# Query on claiming state pension from outside Ireland



## puremeteor

hi,
I had a query regarding state pension.
If I fulfil the conditions for being eligible for the state pension, but I am no longer resident in Ireland at the time I'm eligible for state pension, is it possible for me to get the state pension?
Or is there some condition that one must be resident in Ireland at the time of claiming state pension.

Any idea on this will be appreciated.


----------



## dandy

I would also appreciate an answer to this as I am sure many people are thinking of moving on to greener pastures, surley someone must know?


----------



## Papercut

A  State Pension (Non-Contributory)  is not normally paid to people who reside outside the State. However, if you go to live in Northern Ireland, and were in receipt of a State Pension (Non-Contributory) immediately before you moved, your pension can continue to be paid for up to five years subject to certain conditions.

  If you go on holiday abroad, payment of your pension for a period of up to 13 weeks is normally allowed on your return home. However, payment will not be allowed for repeated trips of this nature.

  If you are already receiving a  State Pension (Contributory)  & then move abroad you will continue to receive it for the duration of your life, but you must inform DSFA of your intention to emigrate & your new details.

  If you have paid social insurance contributions in 2 or more EEA member states, you should apply for a pension to the member state in which you now live or in which you had your last contribution if you have no contributions in the state where you live. The authorities in the state in which you apply will then calculate with the other states exactly what is due to you from each of them.

  Each state looks at your situation in two ways and then grants you whichever is most beneficial.
  (a) They see if you can qualify for a pension on the basis of contributions paid in that state only
  (b) They then look at your contributions in all member states and see what pension you would get if all of those contributions had been in their own state; they then calculate what proportion is applicable to them
  You then get the higher of (a) and (b)

  Ireland has entered into bilateral social security agreements with Canada, the USA, Australia, New Zealand, Switzerland, Austria and Quebec (which has a separate system from the rest of Canada). These agreements are broadly similar and they generally provide that social insurance paid in Ireland and the other country can be combined to help people qualify for old age and retirement pensions. Again, in general, the method of calculation is similar to the EU rules.


----------



## puremeteor

I got a response from the Social welfare department. They said that as long as we have made the minimum contribution to the pension in the form of PRSI payments, we will be eligible to claim the pension regardless of where we are residing when we become eligible w.r.t. the pensionable age.


----------



## dandy

puremeteor,
Did they say this applys to both State Contributory and Non Contributory?


----------



## Welfarite

Only contributory. Papercut's post lays it all out. You must be resident in Ireland to claim means-tested non-contributory pension. You can combine records of contributions from 2 states to get a better pension or just get an Irish pension if that is the better option.


----------



## paperclip

sweet, so i when i retire i can claim my state pension, and live abroad?

i pay prsi.

i also have my own pension with work... this doesn't effect my state pension, does it?

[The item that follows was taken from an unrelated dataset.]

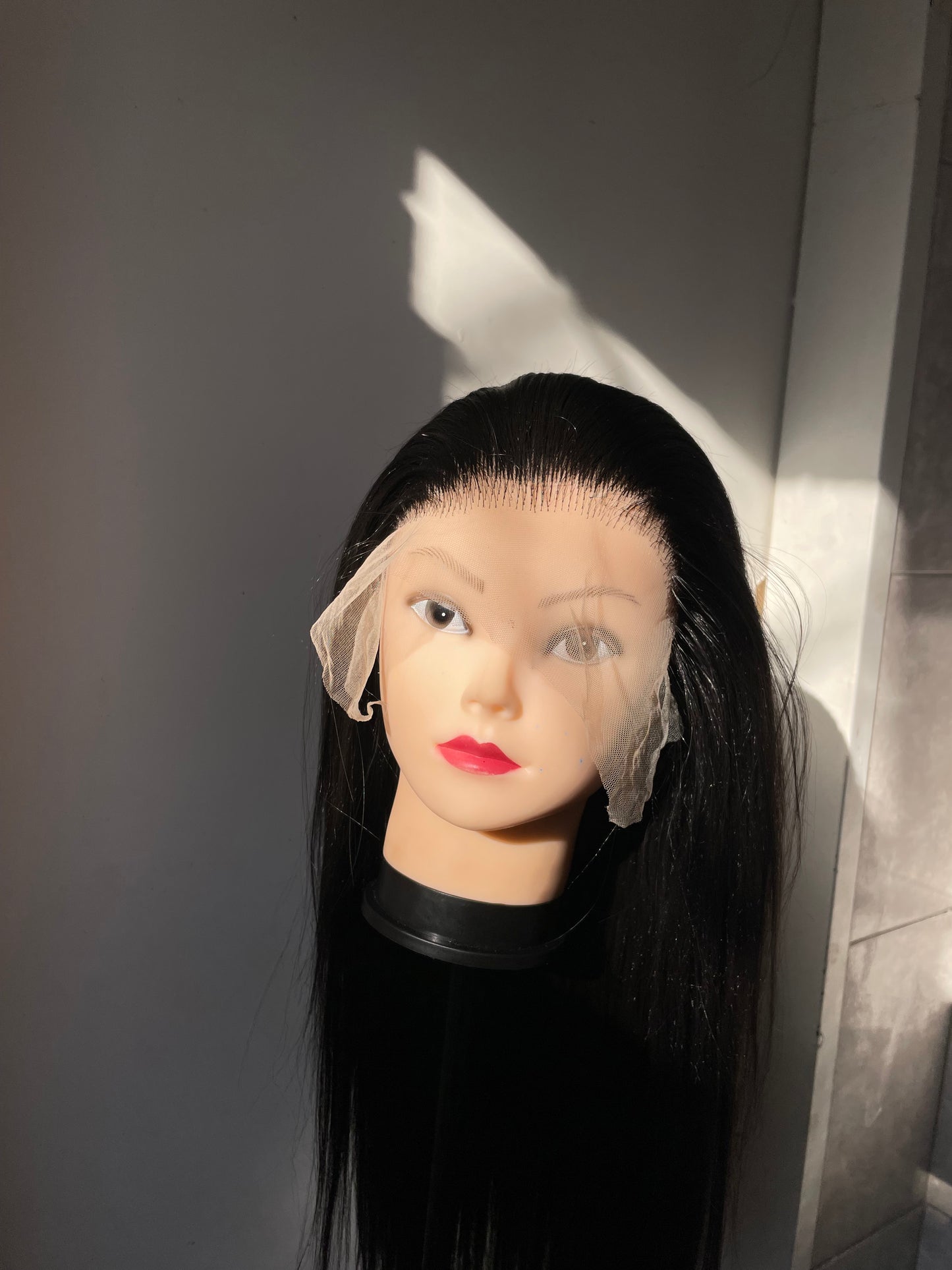 Black wig, 13 x 4 lace,human  hair blend, high heat resistance fibre.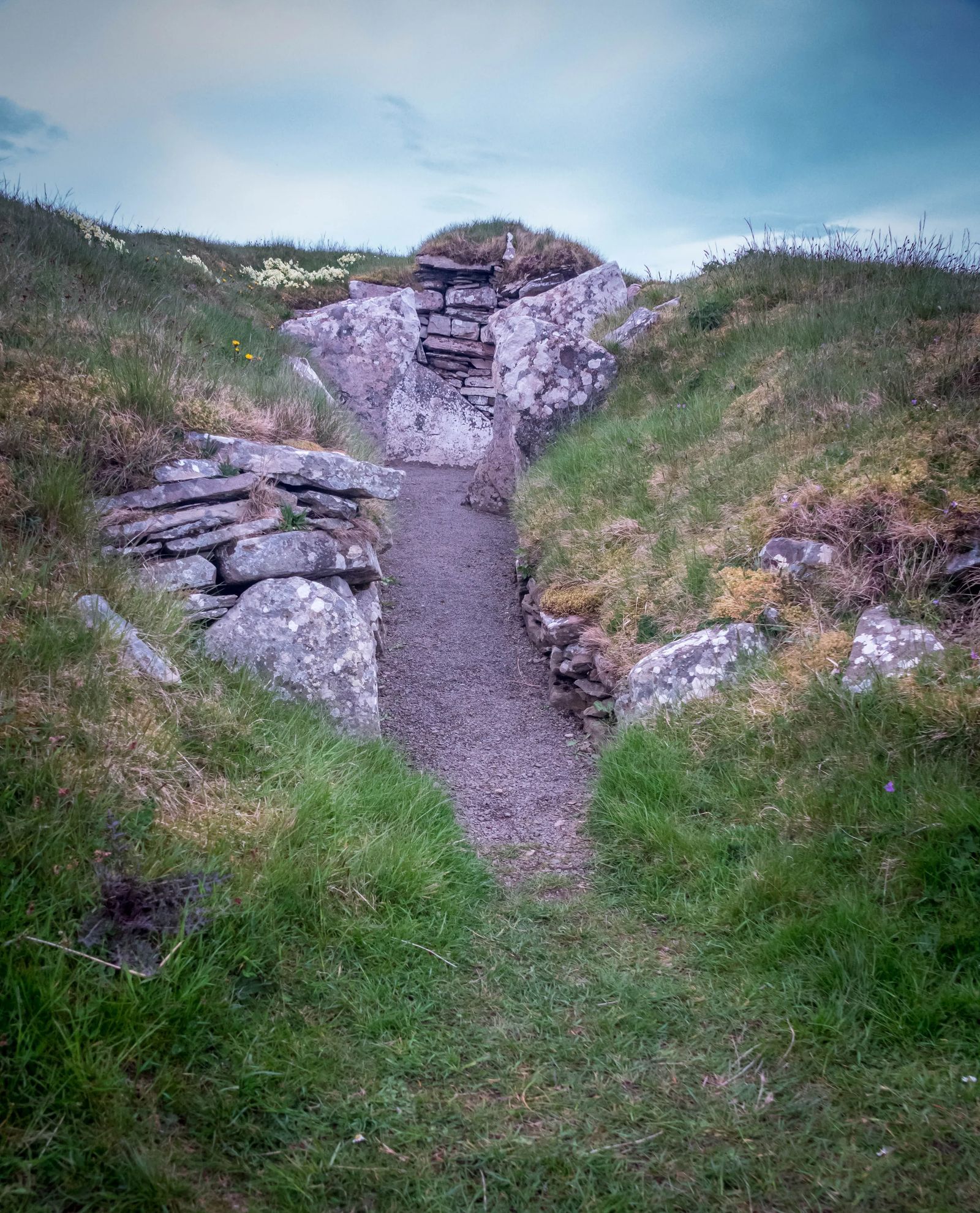 Cairns and Standing Stones, Mystery of Scotland's Past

exactly how young can you retire?


----------



## gipimann

At present, the State Pension (contributory and non-contributory) is payable from age 66, but that may change in the coming years.

If you qualify for a State Pension (contributory), it is not affected by any other pension you may have - at least not at the moment!


----------



## Bronco Lane

paperclip said:


> sweet, so when i retire i can claim my state pension, and live abroad?


 
A lot of British people did just that and moved to Spain. With a strong Sterling/Euro exchange rate they did O.K. but when Sterling weakened a few years back they were complaining quite a bit.

I suppose if you move to another Euro economy your Euro might go further. At least we all imagine it will but I wonder in reality is it cheaper to move abroad.....Anyone know?


----------



## paperclip

Bronco Lane said:


> A lot of British people did just that and moved to Spain. With a strong Sterling/Euro exchange rate they did O.K. but when Sterling weakened a few years back they were complaining quite a bit.
> 
> I suppose if you move to another Euro economy your Euro might go further. At least we all imagine it will but I wonder in reality is it cheaper to move abroad.....Anyone know?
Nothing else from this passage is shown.